Many sports fans think of summer as a “dead time” in sports. In professional sports, summertime is dominated by baseball’s prolonged season. This especially holds true for collegiate sports, as no teams play in the summer. Each Cal Poly sports team spends its summer welcoming new recruits, planning a roster for the upcoming season, and learning new plays, among other things.
But this summer, two Cal Poly athletes were the exception to this unwritten rule. Sharon Day-Monroe, a Cal Poly 2008 alumna, and Nick Meyer, Cal Poly baseball’s starting catcher, both competed on one of the highest stages in their respective sports. Day-Monroe represented Team USA in the International Association of Athletics Federations (IAAF) World Championships while Meyer participated in USA Baseball’s Collegiate National Team.
Day-Monroe dashes onto the word stage
Day-Monroe, who competes in the heptathlon, finished in third place with 6,421 points at the USA Track and Field Championships in Sacramento on June 24-25. Day-Monroe joined Kendell Williams and Erica Bougard as Team USA brings its top three qualifiers. Heading into the IAAF World Championship in London on Aug. 5 and 6, Day-Monroe ranked 10th in the world based on the qualifying cutoff time of 6,200 points.

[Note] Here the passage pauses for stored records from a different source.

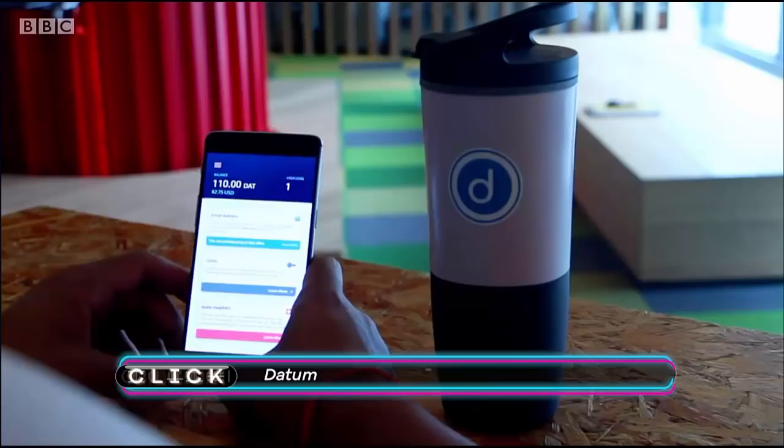Hello, today we are reviewing a Datum project. It is the second part of the video about this project, so let's get started.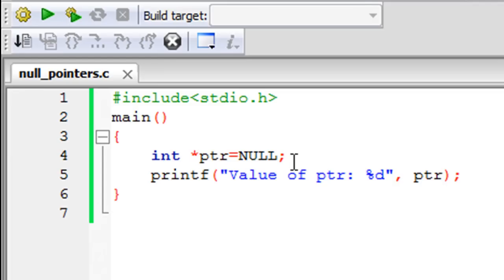It's not that the pointer variable here does not hold any value. It actually points to the zeroth location in the memory. There are a lot of operating systems that do not allow such a thing, but you can do this with Windows. Let me run the output.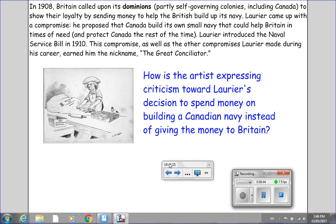Here's a political cartoon, which you can also see in your textbook. My question for you is: how is the artist expressing criticism toward Laurier's decision to spend money on building a Canadian navy instead of giving the money to Britain? When I am finished speaking, you are going to put the video on pause so you can get a closer look at this political cartoon and then write down your response to the question.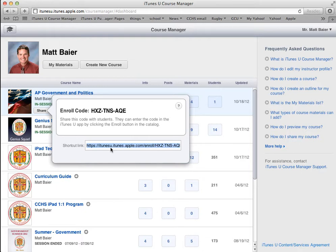At the same time, they could go into iTunes U directly without this link. There's an opportunity to enroll where they would type in the enroll code in order to get into your course. Let me show you what those look like.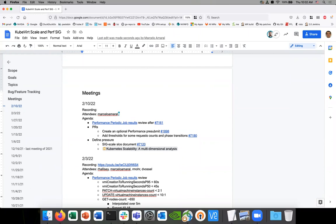Welcome to Sixth Scale, everybody. It's February 10th. Notes are in the chat. Add yourself as an attendee, please.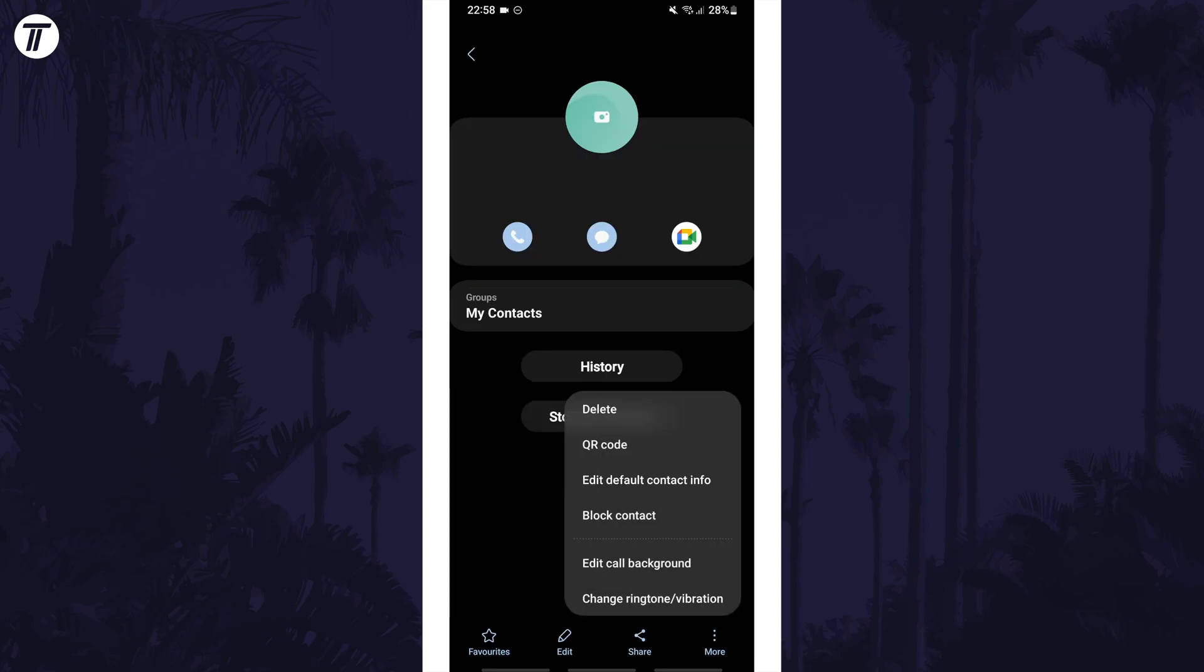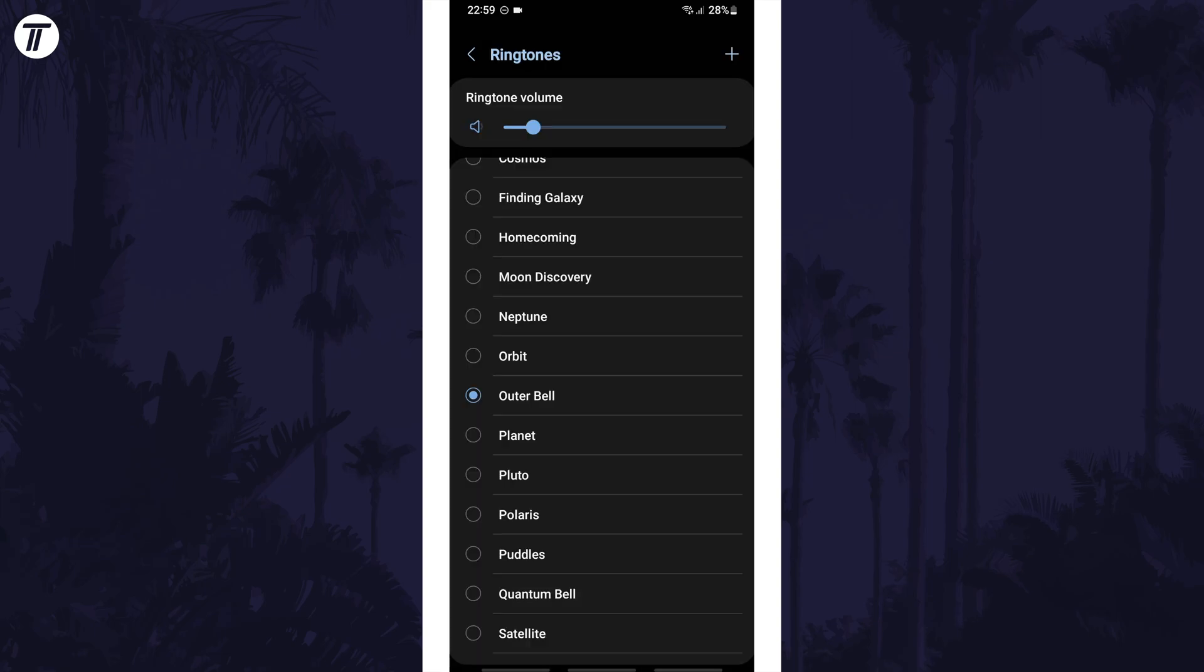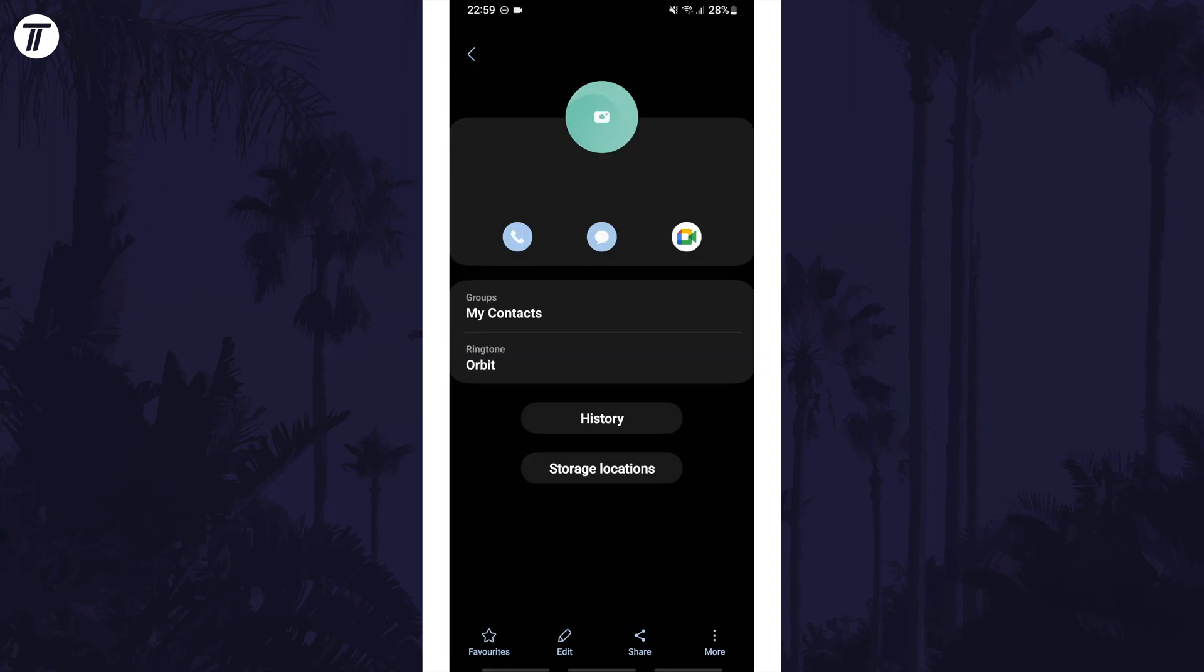On this menu select change ringtone and vibration and then choose ringtone. All you need to do now is select the ringtone for this contact from the list and then you can tap on back and it should have set and will show on this page.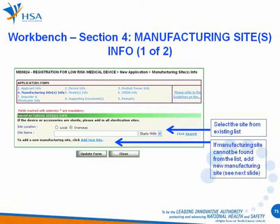Next, we go to Section 4 on Manufacturing Site Info. Select the manufacturing site location as either local or overseas before clicking the Search button. Choose one or multiple manufacturing sites from a list of site names. Once the correct manufacturing site is selected from the list, click on Add then click the Update Form button to update the selected manufacturing sites into the form.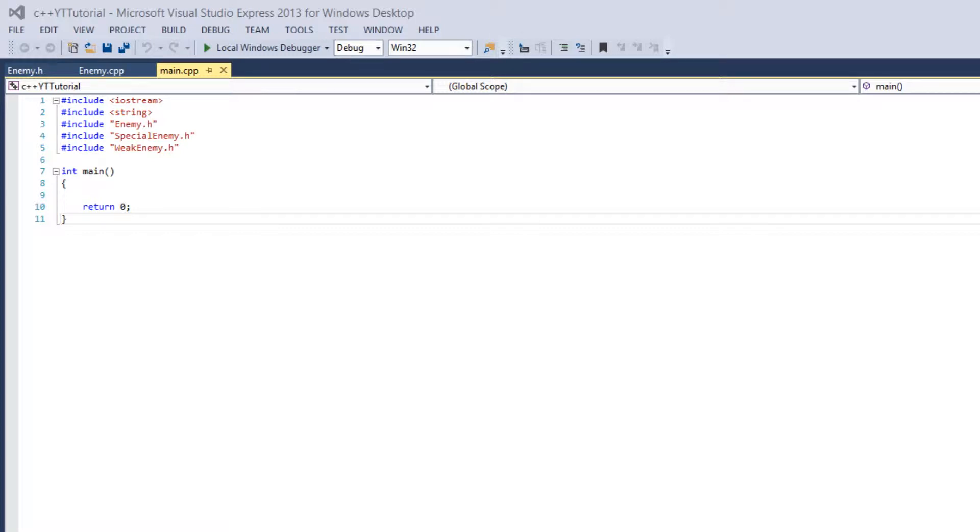In this tutorial, we'll be going over preprocessor commands, which is pretty easy since the last two tutorials were kind of challenging.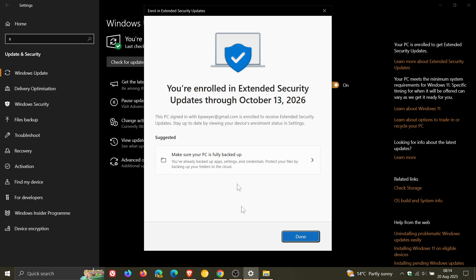And I have seen in the comments on the channel and also online that a lot of users have enrolled. And then a couple of days later, it kicks them off the enrollment platform for a strange reason. It's going to be interesting to see if I do stay enrolled.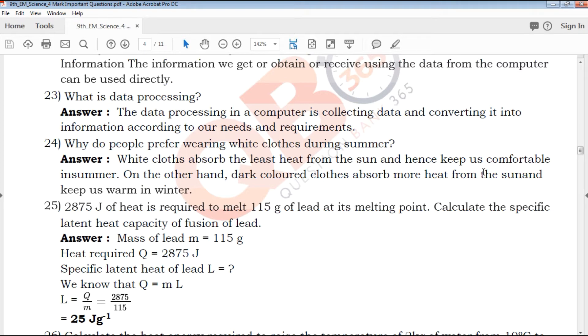What is data processing? Data processing is a computer collecting data and converting it into information according to our needs and requirements. Data is collected and processed by the computer.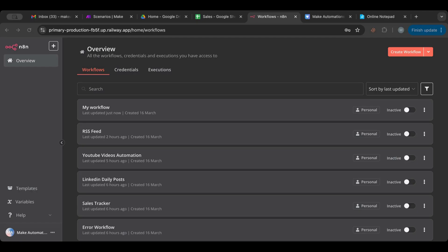Hello everyone and welcome to another lesson. I'm very excited to have you here with me today. I want to take a little time and explain how filters work in n8n, because moving from Make.com, this was very tricky for me to understand — I couldn't find the way to do filters at first.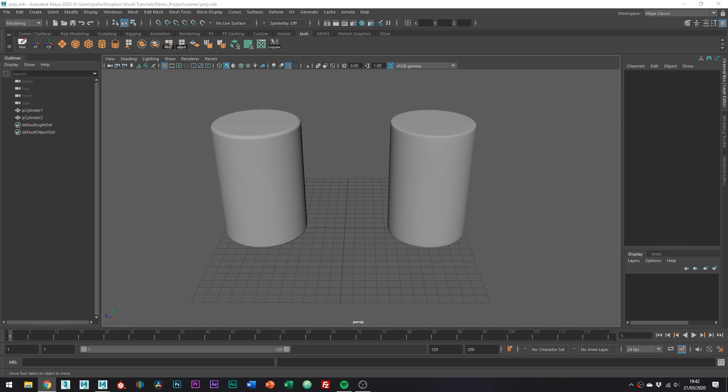Hey and welcome to this tutorial. I'm going to be quickly covering a topic which someone asked about: what are some of the differences between sub-D modeling and poly modeling, and why is sometimes using more polys actually less?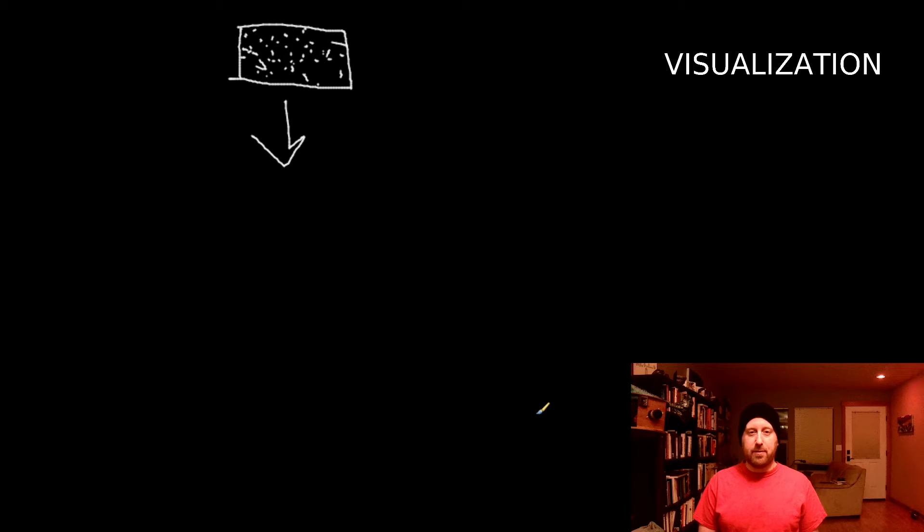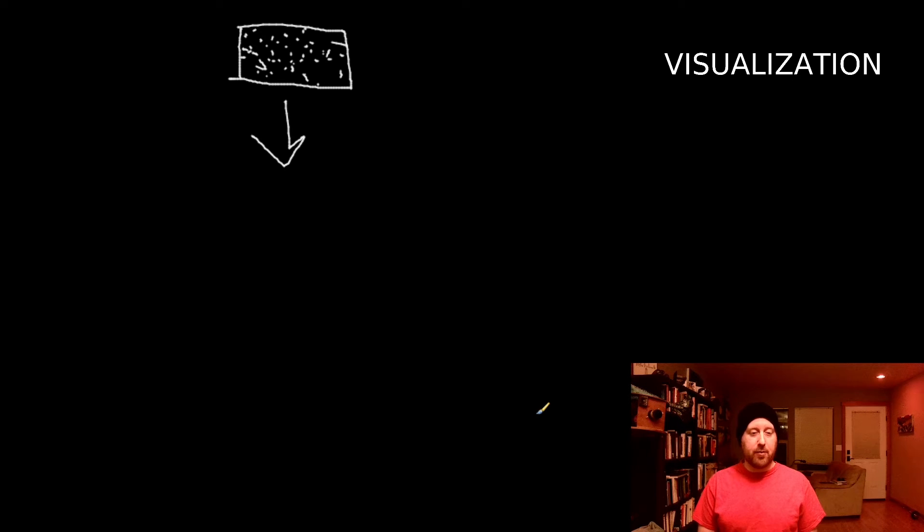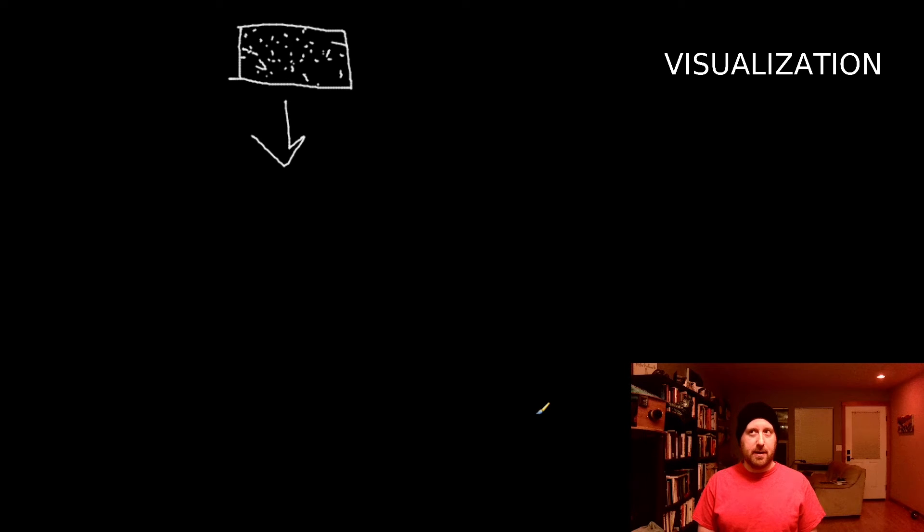We all have a model of what this is supposed to look like. And the model that I just made is what I imagine most people generally have. But there are other ways to think about this. There are other ways to visualize this. And if we visualize this in a different way, our practice might be different.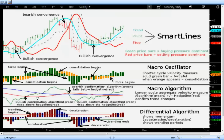The macro algorithm — what we look for here is the algorithm, shown in green, going above or below the red hedge line. Above the hedge line, prices should be working upward; below the hedge line, prices should be working downward. We look for these confirmation points just like we do from the oscillator — giving an up move here, confirming a down move here, confirming another up move here.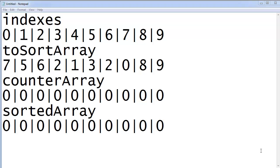Hey guys, it's Quinston and today we're gonna learn about counting sort. Counting sort is one of those algorithms where you go through every element one by one and increment a bunch of counters. I have a bunch of stuff on the screen here and I'm gonna show a demonstration of how this sort works. There's also a link in the description to a visualization of counting sort with about 30 elements being sorted at once.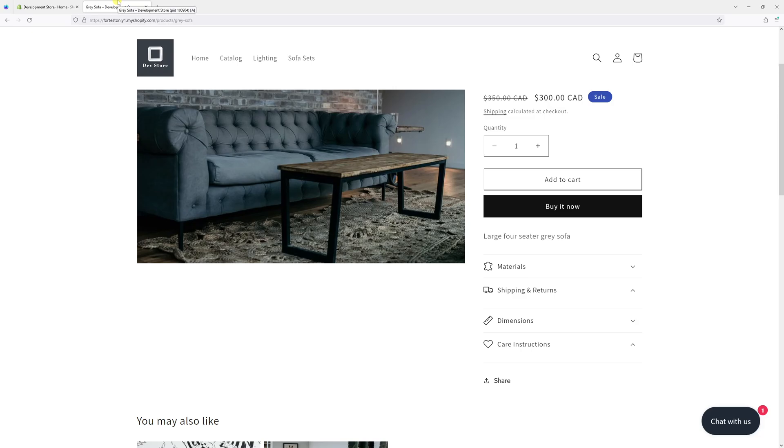In this video, I will show you the settings where you can remove the share button from the product pages in Dawn theme.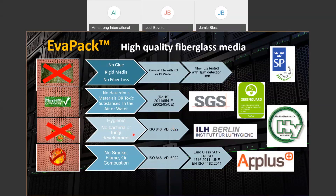Something worth noting: a lot of people claim to be VDI 6022 compliant but only refer to their media, not the actual whole humidifier itself. We are also fireproof to Euro Class A1 and ISO 1716 as well as ISO 1182, which is the highest fire certification in Europe. We are very close to becoming UL 900 certified, which is the most popular fire certification in North America — we're just awaiting those results within the next couple of weeks.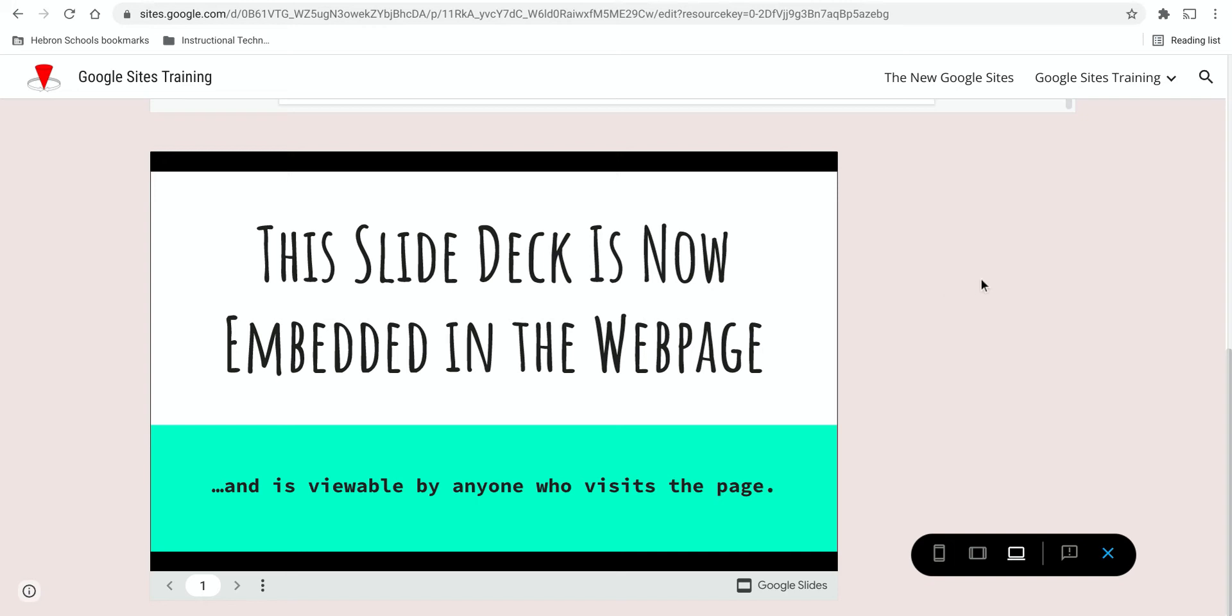And that's how you insert Google Docs into a Google site. You can do the same thing with Google Sheets and Forms, although I didn't illustrate that here.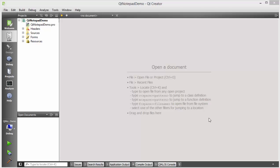Welcome to the next video on Qt tutorial for beginners. In this video we will learn how we can use the QPrinter class and QPrintDialog class in Qt. The QPrintDialog class provides a dialog for specifying the printer configuration, and the QPrinter class will help you to print your document.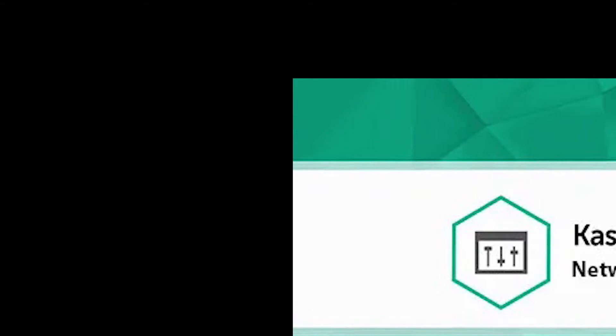Hello and welcome to Expert Tech. In today's video we will discuss how to install Kaspersky Network Agent on Microsoft Windows 10.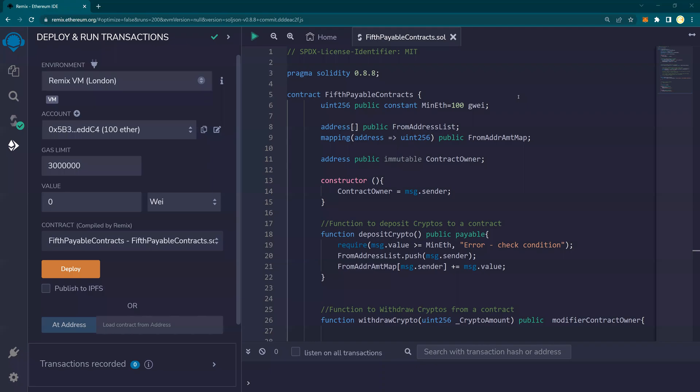In this video, we are going to deploy this fifth payable contract to a testnet.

In London, Day-Monroe ran a season-best 800-meter time in Day 2 in London to finish the IAAF World Championship heptathlon in 20th place overall with 6,006 points. In the long jump, Day-Monroe posted a mark of 18 feet, 5 inches, good enough for a 27th place finish. In the javelin, Day-Monroe finished in 21st place, throwing for a park of 133 feet, 8 inches on her third attempt. Day-Monroe finished in sixth place in the 800-meter race with a time of 2:12.64.
Here is a video of Day-Monroe after her first day in London:
This was Day-Monroe’s fifth career IAAF World Championship appearance following two Olympiads.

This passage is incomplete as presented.